Aus diesen Gründen und aus Mangel an realistischen Alternativen rät der DTKV Berlin den betroffenen Musikschullehrern, die neuen Verträge zu unterschreiben – und sich danach exakt so zu verhalten, wozu sie durch die neuen Verträge gezwungen werden: als selbstständige und freie Unternehmer. Obwohl solch ein Verhalten dem Selbstverständnis der allermeisten Musikpädagogen fundamental widerspricht, wird so im Alltag sehr schnell deutlich werden, was diese neuen Verträge anrichten.
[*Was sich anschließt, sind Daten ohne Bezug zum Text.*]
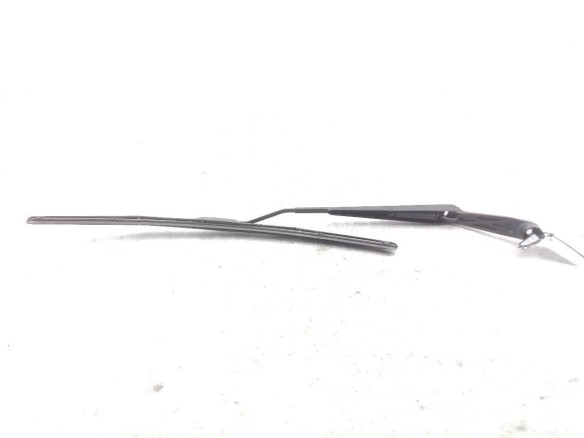3831061M00000  BRAZO LIMPIAPARABRISAS DEL IZQ SUZUKI SX4 S-Cross (JY)|Desguaces La Cabaña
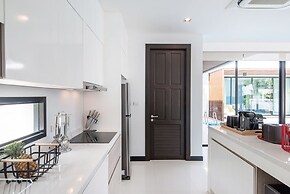 Movenpick Pool Villa's 1FL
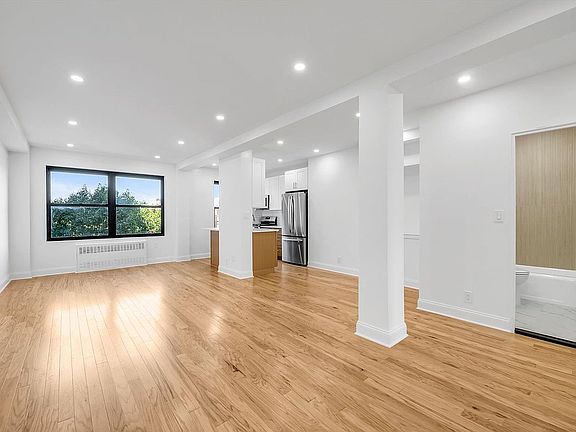 5th image of 9972 66th Rd APT 5AA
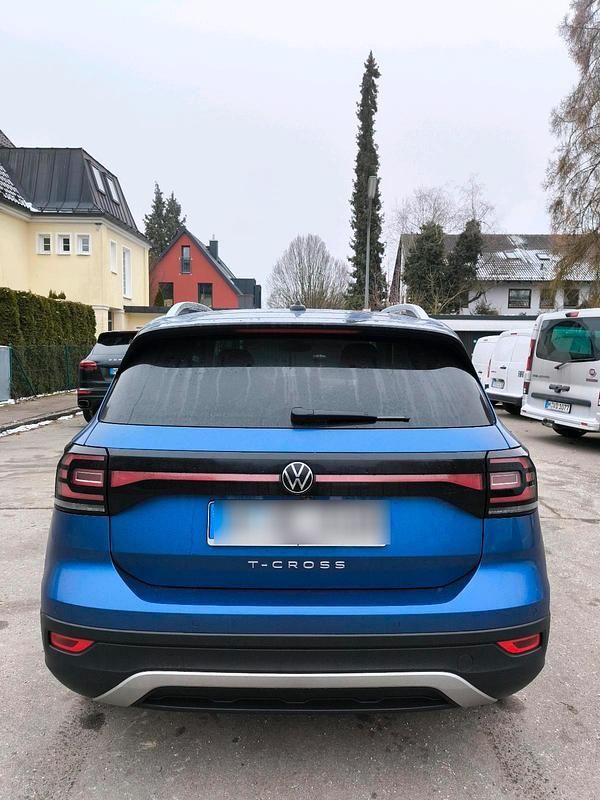 Gebraucht VW T-Cross 150 PS (110 kW) 2023 Blau SUV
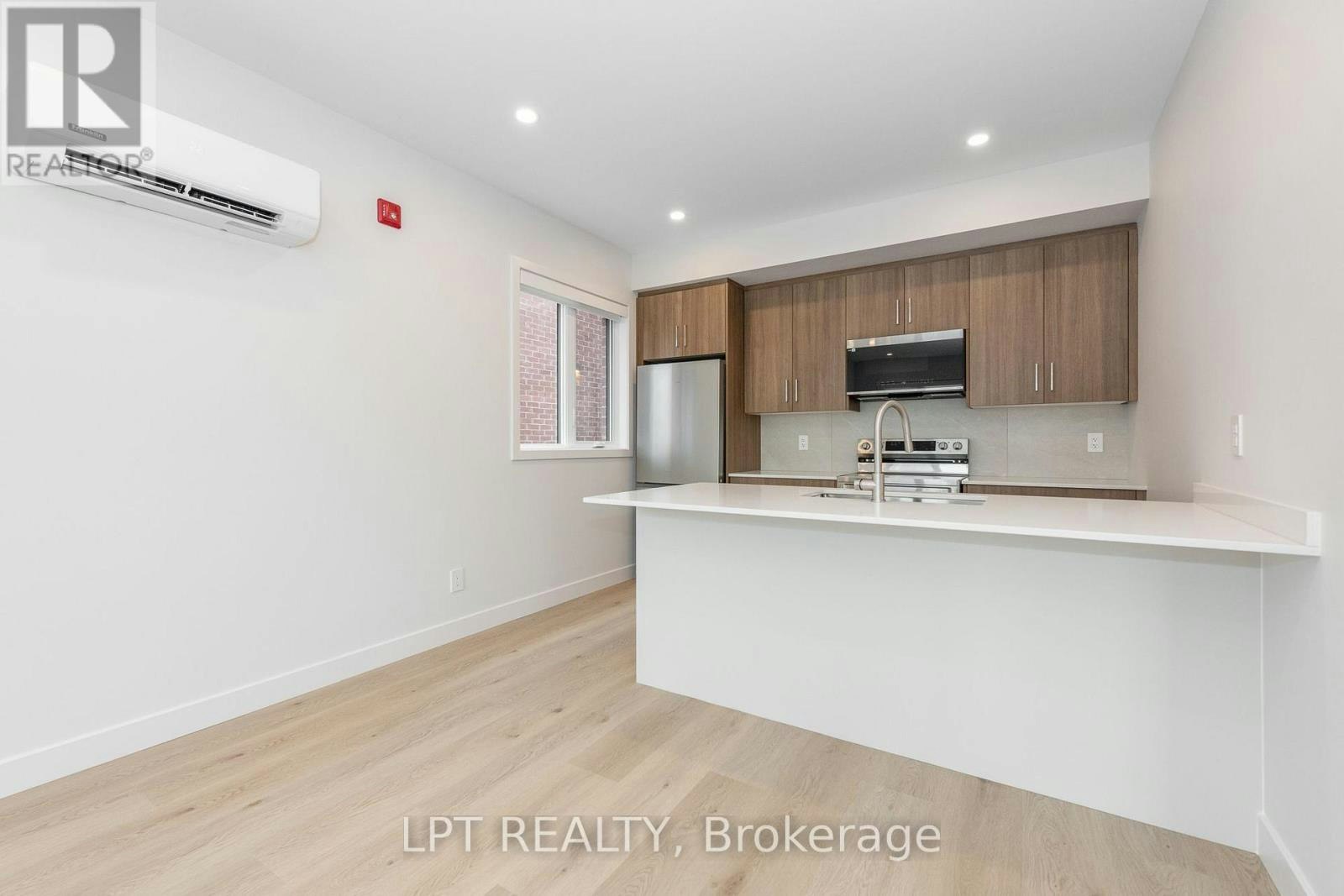 4-249 Columbus Avenue, Ottawa, ON, K1K 1P5 - 7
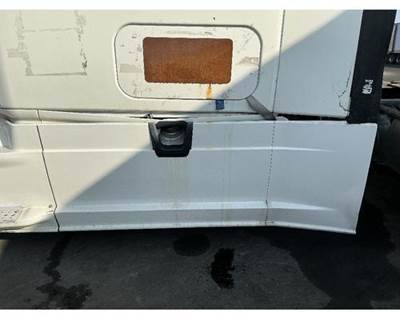 Freightliner Cascadia 125 Left Fairing for a Freightliner CASCADIA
In Konsequenz bedeutet dies im Einzelnen, dass der Unterricht zwar stattfinden kann, aber nicht muss. Vorspiele sind zu den angedachten, lächerlichen Honorarsätzen wohl ebenso Vergangenheit wie beispielsweise die Teilnahme an Konferenzen oder andere, für die Musikschule repräsentative Veranstaltungen. Eine Vorbereitung auf ‘Jugend Musiziert’ oder die Arbeit in der Studienvorbereitung rechnen sich mit den neuen Verträgen für den Einzelnen Pädagogen noch weniger als bisher, da weder der erheblichen Mehraufwand, noch die dazu erforderliche Qualifikation angemessen vergütet wird.

Der DTKV Berlin verfolgt außerdem die vor einem Jahr begonnene Arbeits- und Sozialrechtliche Prüfung weiter und wird Rechtsgutachten in Auftrag geben. Der Verband ist nach wie vor der Meinung, dass die beschriebene Umgehungsarchitektur juristisch anfechtbar ist. Betroffene Musikschullehrer werden daher aufgefordert, individuell ihre Rechte zu prüfen und sich entsprechend beraten zu lassen. Der DTKV Berlin hat sich zum Ziel gesetzt, diese juristischen Aktivitäten zu bündeln und zu koordinieren. Andere Verbände und einzelne Musikschullehrer werden ermutigt, den Kontakt zu suchen. Nur gemeinsam sind bessere Bedingungen für musikalische Bildung in Berlin durchsetzbar.